- _What the task asks_: Restate exactly the lines that run from the start of the records below to the line containing "استودیوی استاندارد, Mush Room Apartamentos", counting both ends, and nothing else; pictures stay out.

- _Records provided_:
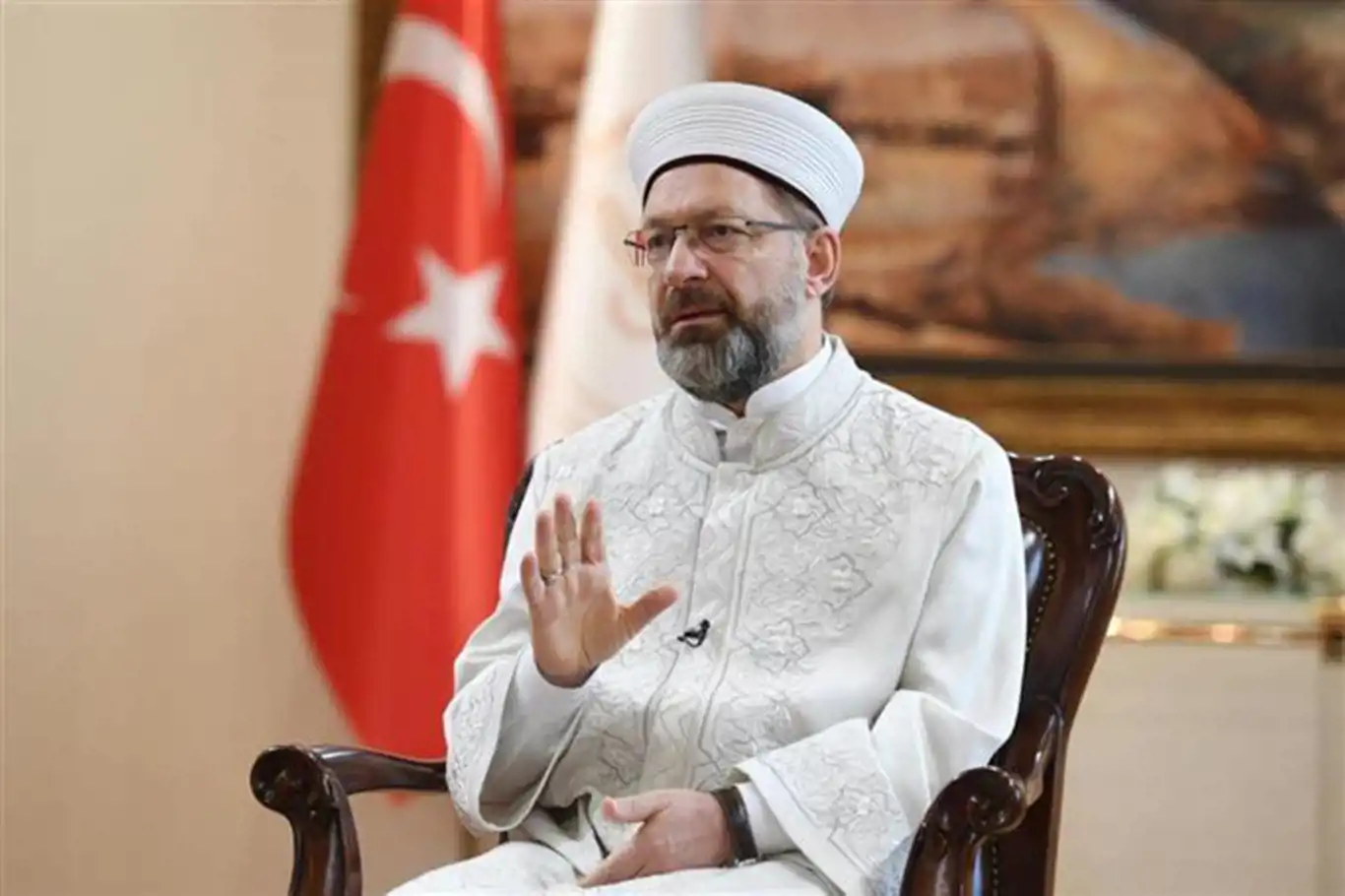 Erbaş: GKRY'deki cami saldırısı İslam düşmanlığının açık bir göstergesi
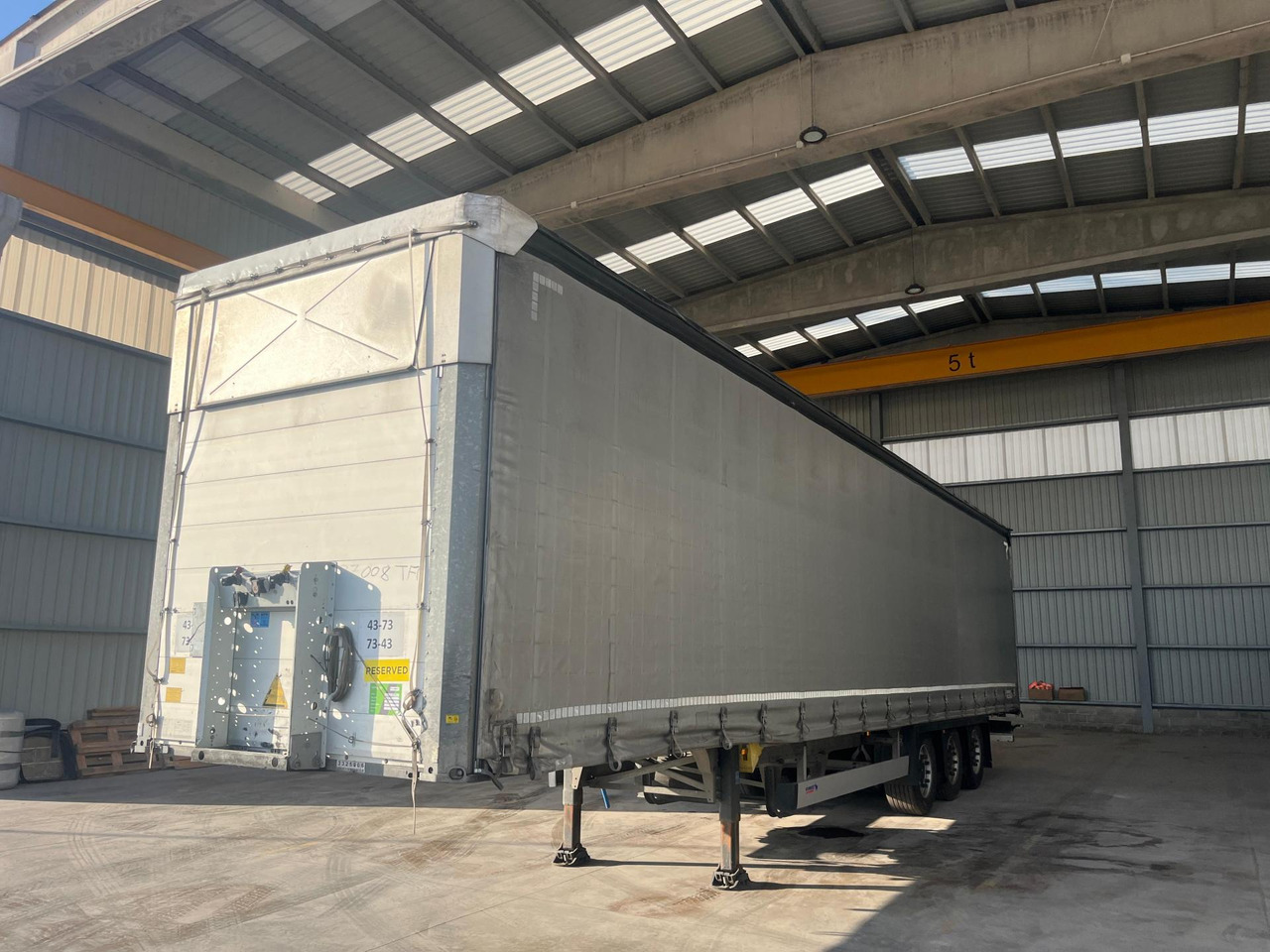 Schmitz Cargobull SCS24/L Varios - Semirremolque lona: foto 1 Schmitz Cargobull SCS24/L Varios - Semirremolque lona: foto 1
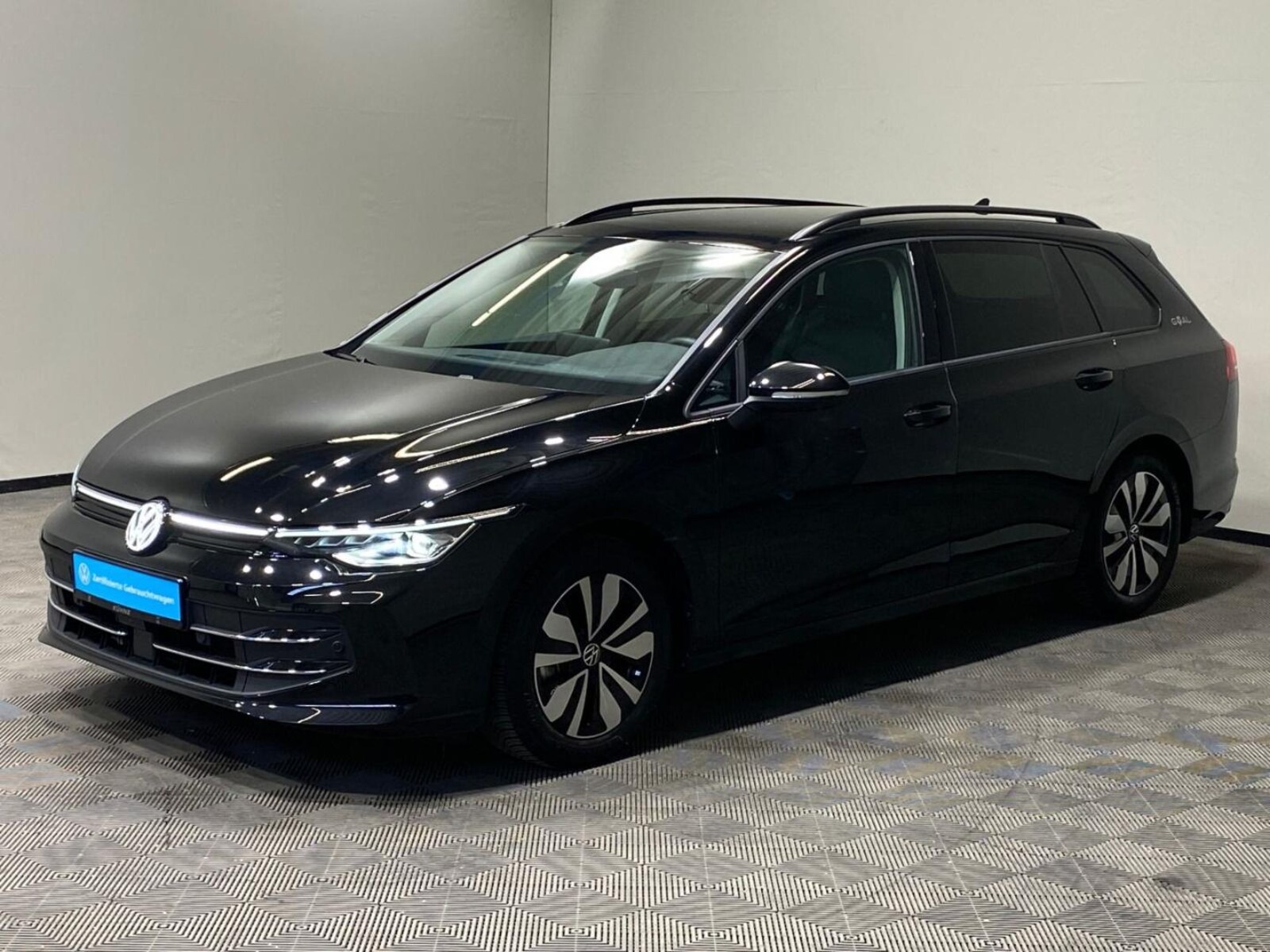 Volkswagen Golf Variant – Bild 2
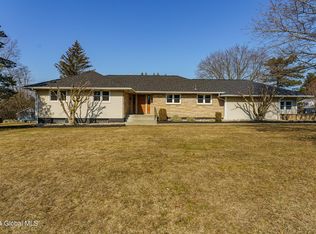 8 Riviera Dr, Latham, NY 12110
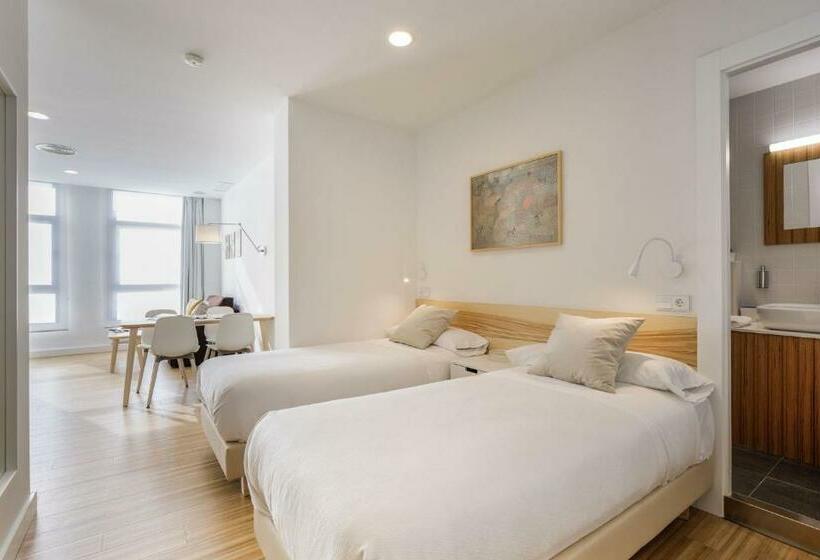 استودیوی استاندارد, Mush Room Apartamentos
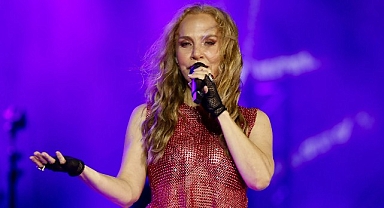 Sertab Erener İstanbul Festivali sahnesinde yeni şarkısı Sen İste’yi ilk kez seslendirdi!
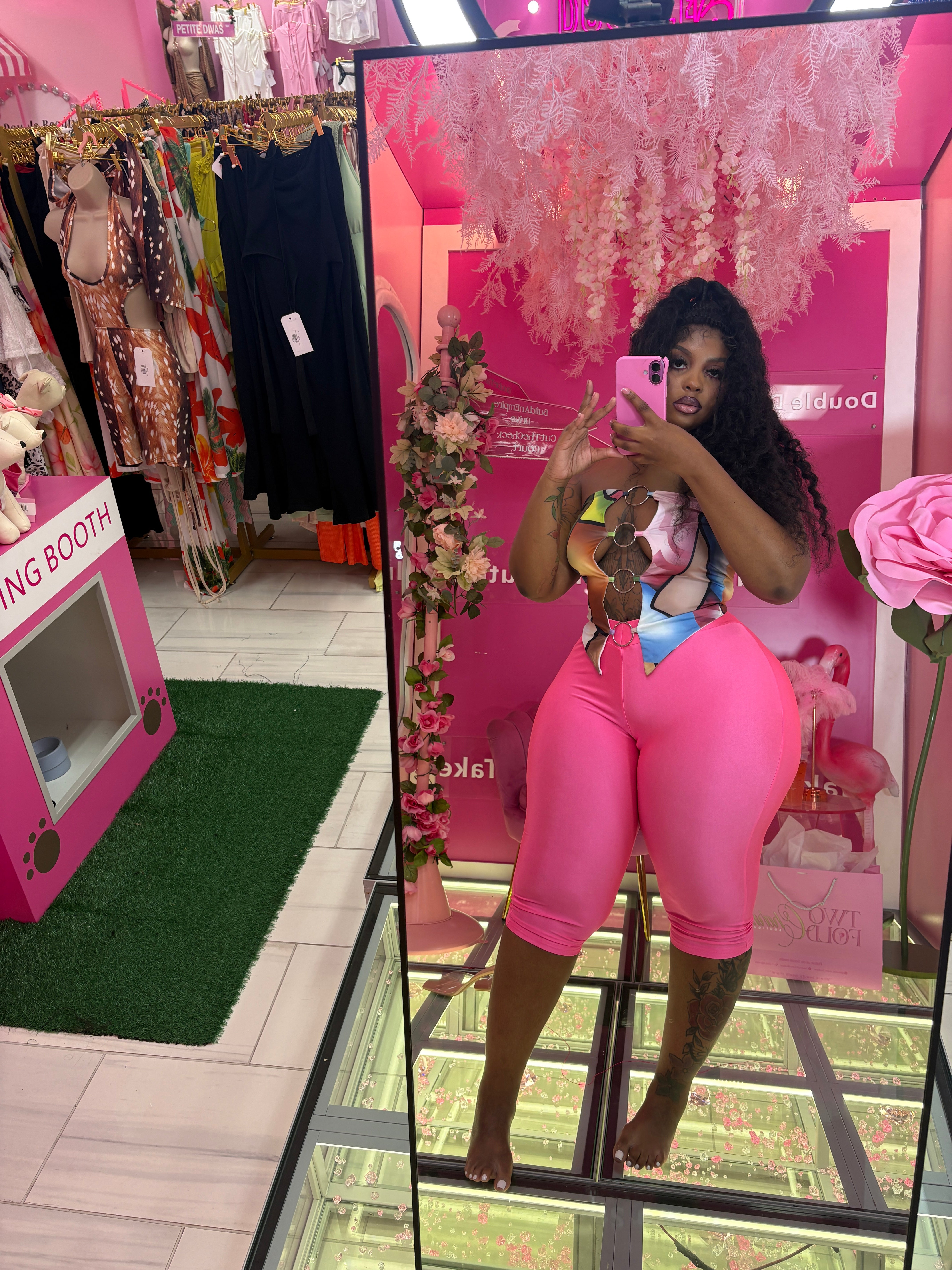The Pretty Girl Capri Set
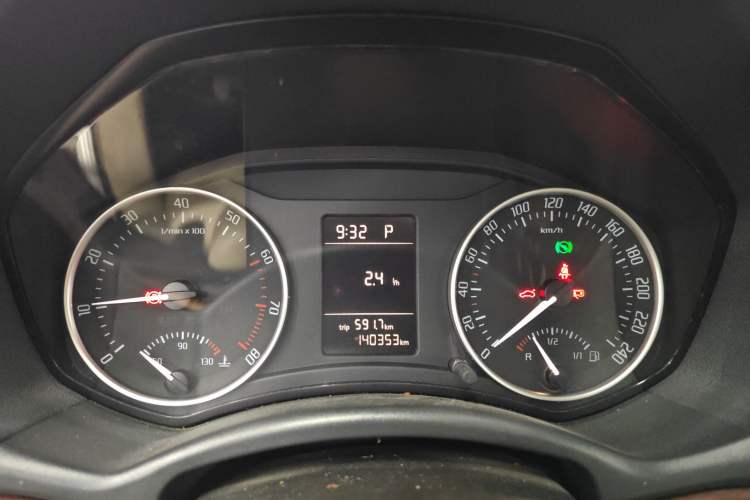 Used Skoda Octavia 2013 1.6L Automatic Yijun Edition Instrument Cluster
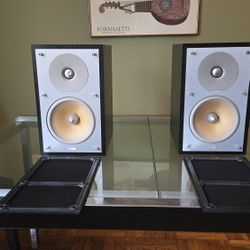 Bowers & Wilkins CM2 Speakers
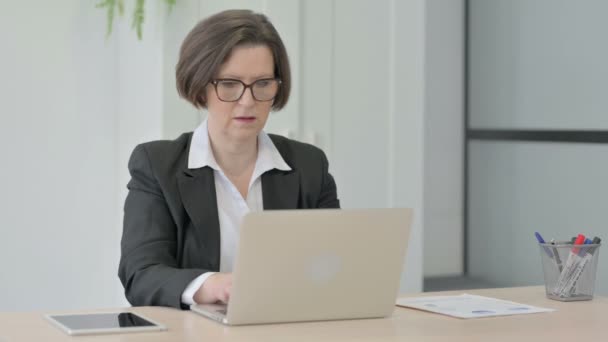 Old Senior Businesswoman Shaking Head Rejection Podczas Pracy Laptopie — Wideo stockowe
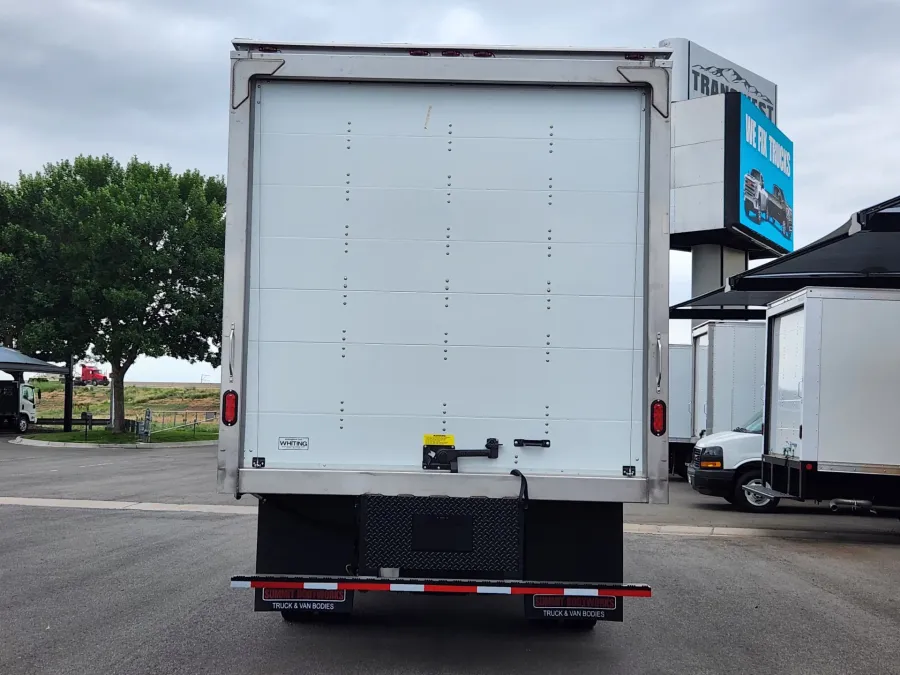 2025 Isuzu NPR-HD GAS 18&#039; BOX VAN | Photo 6 of 8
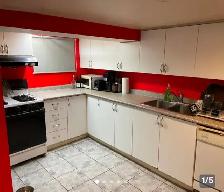 Private basement room for rent, steps to Subway - Photo 4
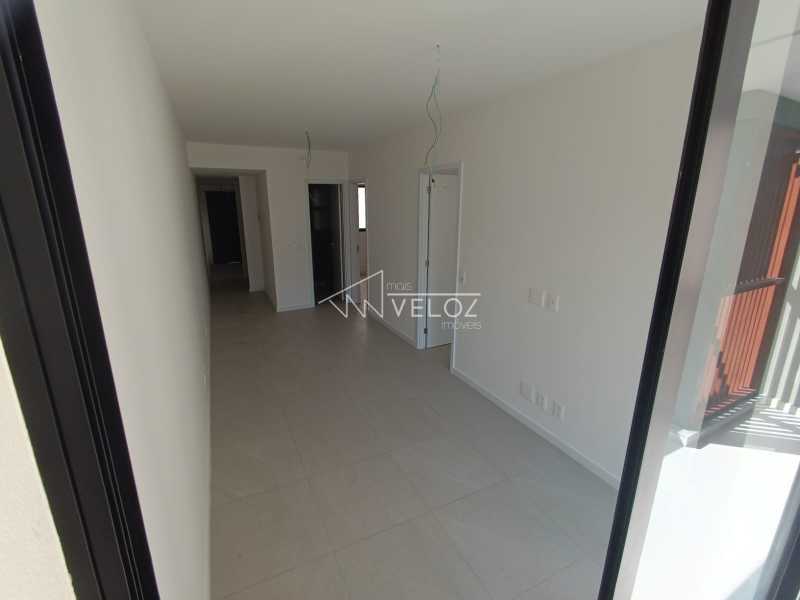 Apartamento à venda com 2 quartos, 60m² - Foto 6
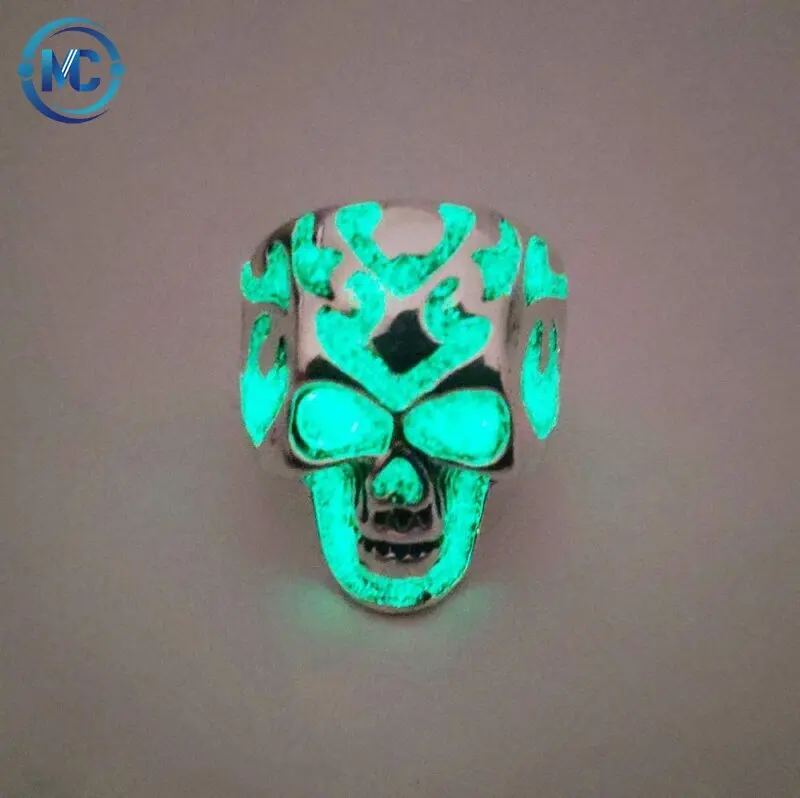 

Small Order Western Wish Vintage Light Rings Jewelry Luminous Fire Skull Mens Rings For Hot Creative Jewelry 2021 Wholesale, As picture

- _Task solution_:
 Erbaş: GKRY'deki cami saldırısı İslam düşmanlığının açık bir göstergesi
 Schmitz Cargobull SCS24/L Varios - Semirremolque lona: foto 1 Schmitz Cargobull SCS24/L Varios - Semirremolque lona: foto 1
 Volkswagen Golf Variant – Bild 2
 8 Riviera Dr, Latham, NY 12110
 استودیوی استاندارد, Mush Room Apartamentos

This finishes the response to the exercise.